What to do
Among the entries below, please repeat exactly and only the lines from the line containing "BOMBTRACK HOOK EXT" to the line containing "ADATA HD710 Pro HDD Externo 2TB 2,5", both lines included.
++++ Records shown ++++
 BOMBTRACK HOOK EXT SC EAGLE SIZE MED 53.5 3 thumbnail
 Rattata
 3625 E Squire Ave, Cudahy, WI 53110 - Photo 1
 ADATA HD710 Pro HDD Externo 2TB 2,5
++++
++++ Records shown ++++
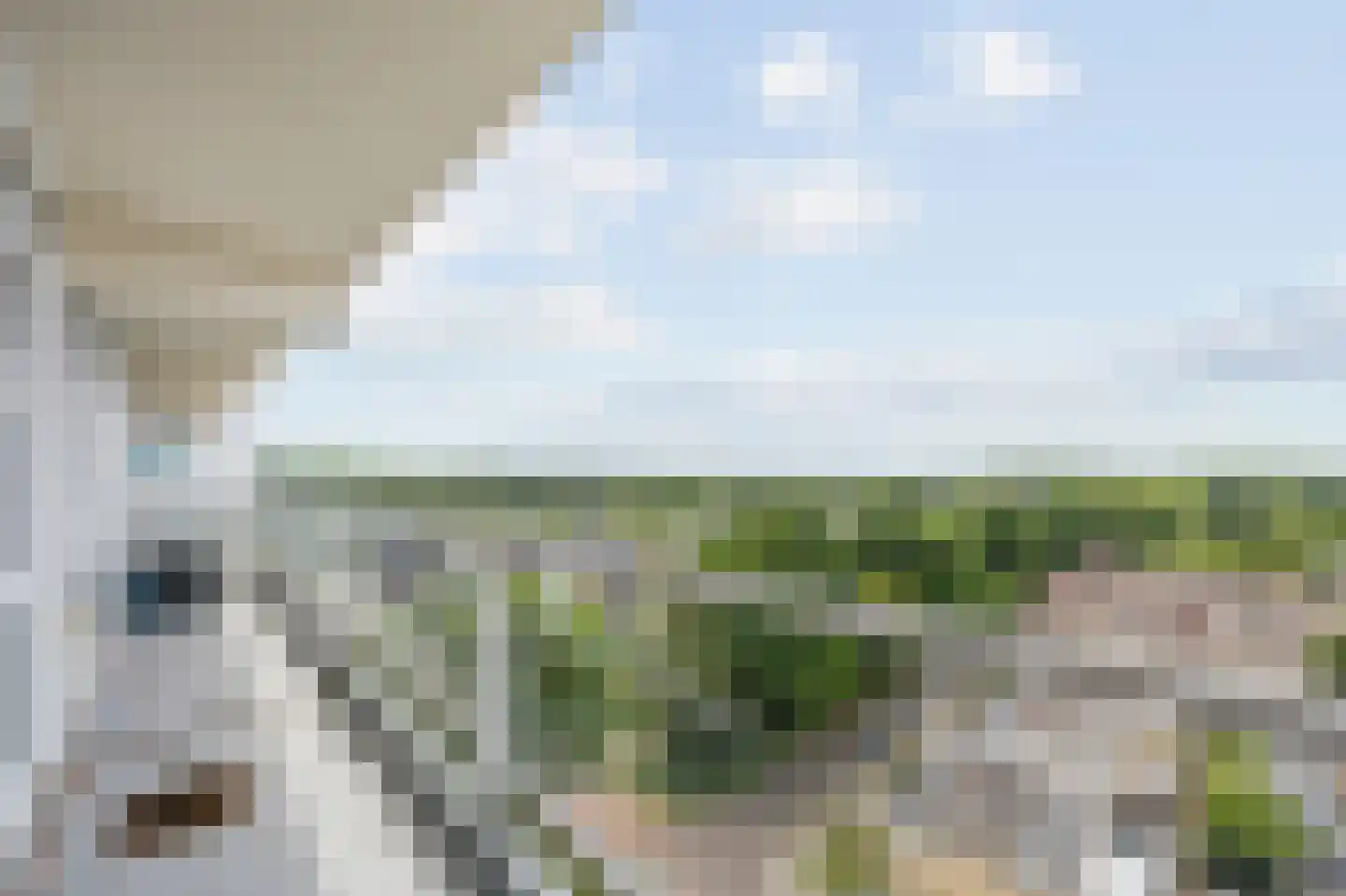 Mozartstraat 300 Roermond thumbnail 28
++++
The completed task
 BOMBTRACK HOOK EXT SC EAGLE SIZE MED 53.5 3 thumbnail
 Rattata
 3625 E Squire Ave, Cudahy, WI 53110 - Photo 1
 ADATA HD710 Pro HDD Externo 2TB 2,5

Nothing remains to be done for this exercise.